Areas of expertise: women and gender; epistolarity; cultural history; diplomacy; cultural transfer; global encounter; early modern studies.
ORCID ID: 0000-0003-4260-522X
Location:ACU Melbourne Campus
Jessica O’Leary is a Research Fellow at the Gender and Women’s History Research Centre in the Institute for Humanities and Social Sciences. She is a cultural and social historian specialising in gender studies with an interest in politics, diplomacy and cultural transfer, c. 1450-1700. Her essay on power-sharing between elite couples in northern Italian courts won the Royal Studies Journal prize for best essay by a Postgraduate or Early Career researcher. Her first monograph entitled Elite Women as Diplomatic Agents in Early Modern Italy and Hungary: The Aragonese Dynastic Network, 1470-1510 is under contract with ARC Humanities Press. She has also published book chapters on the history of emotions and letter-writing and has forthcoming book chapters on cultural encounter, trade, and diplomacy in the early modern period.
Currently, she is preparing a manuscript on the role of masculinities in the diplomacy and identity of elite young men during the Italian Wars. She is also developing various lines of research concerning cross-cultural encounters between the Catholic southern Mediterranean and sixteenth and seventeenth-century Brazil and Japan in addition to the history of women in colonial Brazil.
This project explores the way in which gender influenced knowledge production and cultural translation in the Jesuit Mission to Japan. From the arrival of Francis Xavier in 1549 through to the expulsion of Catholic missionaries in the seventeenth century, the Jesuit mission developed new methodologies for intercultural understanding and communication. While the degree to which Japan’s “Christian Century” had a lasting impact has been contested, analysing Jesuit epistolography and ethnography can highlight the importance of gender in cultural mediation. Through an analysis of Jesuit ethnographies and pedagogy, I examine how Jesuit accommodation policies included gender when encountering the ethnic and cultural Other. By scrutinising how Jesuits perceived, conceived, and received gender roles in their experiences and ideology, this project will shed new light on contemporary practices of cultural translation and understanding.

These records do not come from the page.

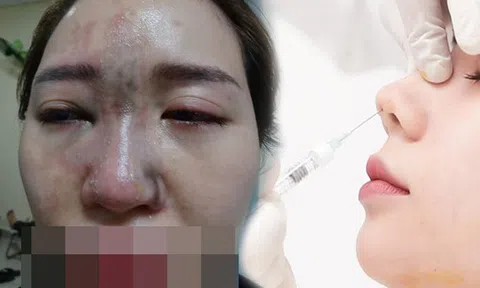 Cô em gái dại dột tiêm filler mũi tím đen cả mắt, chị gái rầu rĩ cầu cứu MXH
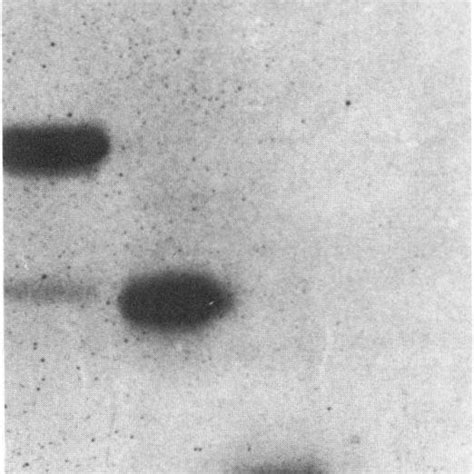 Sds Polyacrylamide Gel 5 20 Linear Gradient Of 72 Kd 1 50 Kd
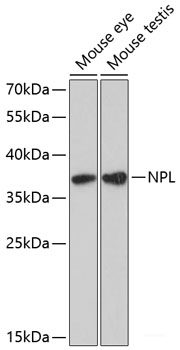 Western blot analysis of extracts of various cell lines using SERPINB6 Polyclonal Antibody at dilution of 1:1000.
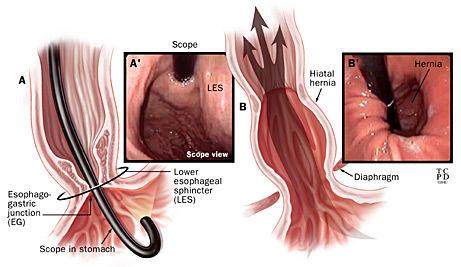 Figure 4. Mechanism of gastroesophageal reflux disease. A weak antireflux barrier causes reflux in the majority of patients (Figure 4).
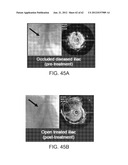 TUNED RF ENERGY AND ELECTRICAL TISSUE CHARACTERIZATION FOR SELECTIVE     TREATMENT OF TARGET TISSUES diagram and image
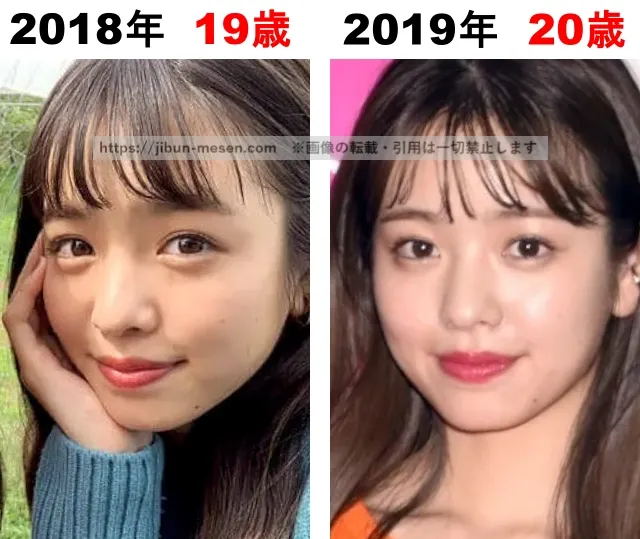 横田真悠の整形検証2018年~2019年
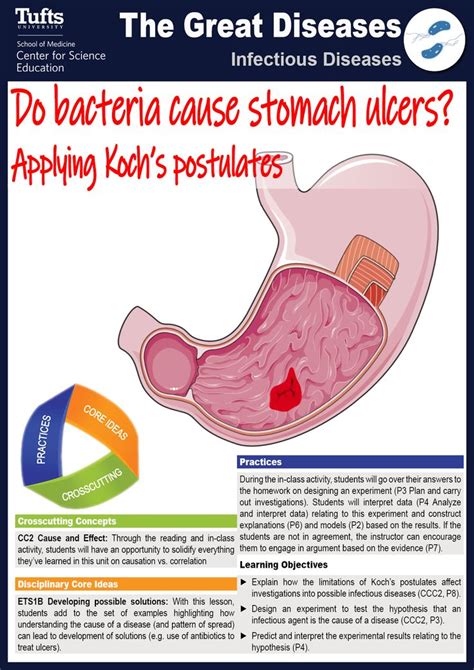 Do Bacteria Cause Stomach Ulcers Applying Kochs Postulates Free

This project aims to understand how gender can be used to understand the complex interactions of early Brazilian society. From the early sixteenth century to the mid-seventeenth century, Portuguese colonisation of Brazil was marked by encounters with local tribes, the rise of the sugar trade, and slavery. These three spheres of society varied considerably in culture, language, and religion. As a result, the evangelisation of Brazil was viewed as necessary to the colonisation of its vast lands. Between 1549 and their expulsion in 1759, the Jesuits focused on the education of indigenous Brazilians and developed new models of transcultural communication. This project focuses on how gender was used in the difficult catechisation of indigenous tribes and what kind of cultural transfers occurred prior to the expulsion of the Jesuits. I argue that analysing the gendered strategies used by missionaries can help us recover an intersectional understanding of male and female experiences in colonial Brazil.
This project seeks to shine a light on the influence of women in the colonisation of Brazil. Through analysing visual and textual sources left by missionaries and colonisers, I aim to recover the presence of women in contexts where their contributions have been underrepresented or invisible. For example, I will investigate the ways in which indigenous women were involved in the colonisation of Brazil and, in particular, the ways in which local knowledge about plants, terrain, and climate was transmitted. Identifying how women contributed to the project of colonisation beyond maternity is critical to improving our understanding of gender during this period. Therefore, this project will complement scholarship on gender in transcultural settings and increase our understanding of the roles of women in colonial Brazilian society.